Serena Williams ends remarkable career with US Open loss

Serena Williams ends remarkable career with US Open loss

Sulaimon Jamiu

Serena Williams has lost to Ajla Tomljanovic in a game which is understood to be the last of her brilliant career of 27 years, which boasts of 23 major titles and over 1,000 matches.

The 73-time winner on tour, Serena Williams, leaves behind a career that might never be matched again, in the Women’s Tennis world.

Like the champion she is, Serena Williams slugged away five match points in the final game. In the end, it wasn’t enough.

Williams, arguably the most decorated player in history, ended her tennis career on Friday night at the 2022 US Open. The numbers, the impact, the legacy in the tours can never be forgotten.

Ajla Tomljanovic won a third-round match 7-5, 6-7(4), 6-1 in front of a packed, passionate crowd in Arthur Ashe Stadium, the familiar venue where Williams won a record-equaling six US Open titles.

Williams, 40, who won an Open Era record 23 Grand Slam titles, will leave the game with some of the loftiest numbers of all time.

Strictly in terms of Hologic WTA Tour titles, Martina Navratilova leads the all-time list with 167, followed by Chris Evert (157), Stefanie Graf (107), Court (92) and Williams, with 73.

Beyond the bare numbers, though, Williams is credited with transforming the women’s game, in over the last two decades.

“I don’t think I’ve even taken a moment to realize any impact,” she said in New York, responding to tributes from Coco Gauff, Naomi Osaka and many others. “I understand it, but I don’t really meditate or think about it. I’ll have plenty of time soon to do all that.

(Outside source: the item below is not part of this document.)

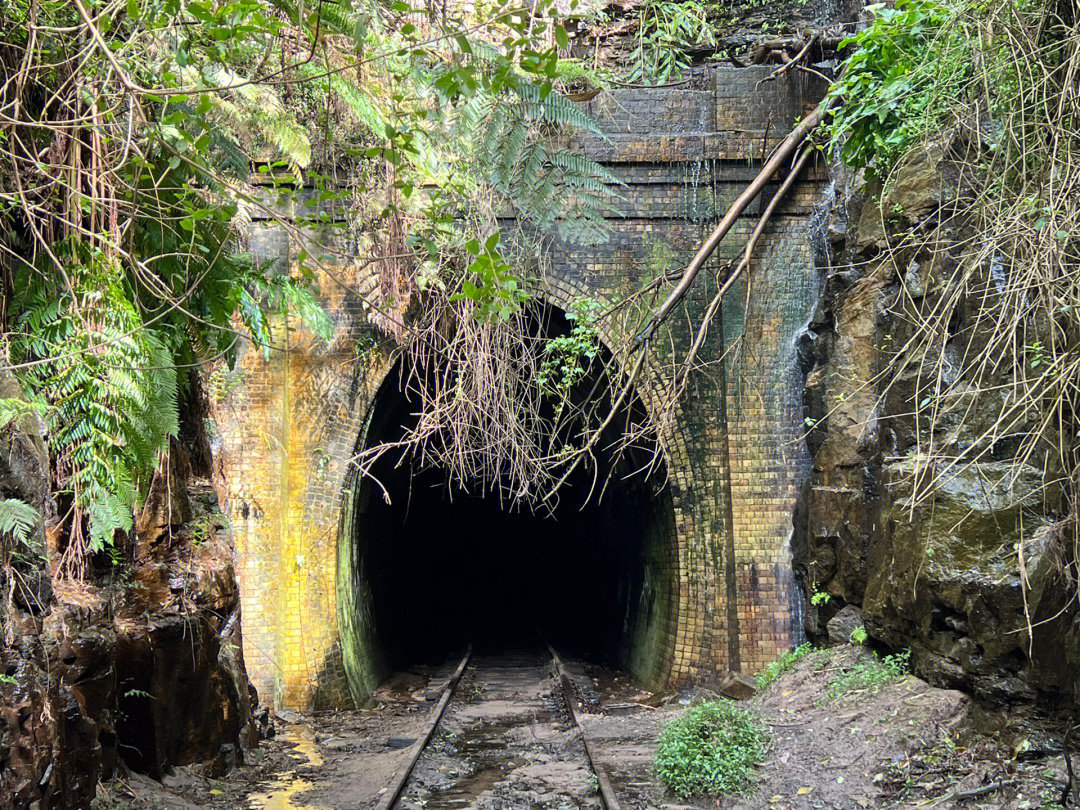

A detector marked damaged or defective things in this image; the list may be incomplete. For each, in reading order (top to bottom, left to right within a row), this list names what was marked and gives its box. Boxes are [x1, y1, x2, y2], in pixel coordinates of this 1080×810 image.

“I never thought I would have that impact, ever. I was just a girl trying to play tennis in a time where I could develop this impact and be a voice. It was just so authentic because I do what I do, and I just do it authentically me.”

In a professional career that spanned 27 years, Williams won 73 WTA-level titles; produced eight different reigns at No.1, from 2002-17; is the most recent player to simultaneously hold all four Grand Slam crowns; finished with an overall match record of 846; won more than $94 million in prize money, more than any woman in tennis history; and won four Olympic gold medals, three in doubles.

“There’s no happiness in this topic for me,” Serena wrote in a first-person essay for Vogue magazine. “The best word to describe what I’m up to is evolution. I’m here to tell you that I’m evolving away from tennis, toward other things that are important to me.”